Blog 32 Vietnam in Half Moon Bay (Gary)
Well, we have to stop at the nurseries. So here I sit. Actually I am enjoying the spot in which I sit. Cars are zooming by, but the air is clean. Across the road is a thick forest of bushes. I imagine trying to push my way into them and go anywhere. It would be like hiding in the jungles of Vietnam. Yes, I can still go there. How would I hide from the enemy? Thank God I enlisted in the Air Force instead of being drafted by the Army. Good decision, Plep. But what are you going to do when you have lost your driver's license? I couldn't chase girls and I was tired of digging ditches. Three years, eleven months, seventeen days, and a wake up (until discharge, but who was counting?). I can't walk The Hill today but at least I am still here to walk it. I am grateful for fate’s subtle shifts in direction.
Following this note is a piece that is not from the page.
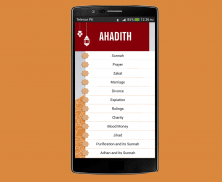 Ahadiths screenshot 1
The Long Journey Home (Gary)
No doubt my most direct contact with the ghosts of war happened to me while leading a Vision Quest wilderness experience. We had a base camp at the top of a ridge in the Ventana Wilderness of Big Sur, California. I picked this particular location to be removed from civilization.
I was milling around camp with my co-leader on a damp and quiet morning. I remember it as being slightly foggy and misty. I looked down the mountain simply to take in the always-gorgeous view. I was stunned and taken aback as I saw five Vietnamese carrying rifles on their shoulders and wearing the same garb as the Viet Cong, the traditional black pajamas and cone hats. My immediate thoughts were dark, and I was suddenly caught between two worlds. One I knew from being in a war in Vietnam, and the one in the present moment. I had to keep asking myself the question, “Are they here to kill me, or are they just civilians hunting for food?” Back and forth, back and forth, past to present, present to past. I wanted my gun and I didn't have it.
I watched them walk through the back of our campsite, and felt myself between two worlds of anticipation, trying to sort out reality. That was a scene I will never forget. I kept thinking, “How many of them can I get before they get me?”
Big breath.
The darkness stayed for a long time.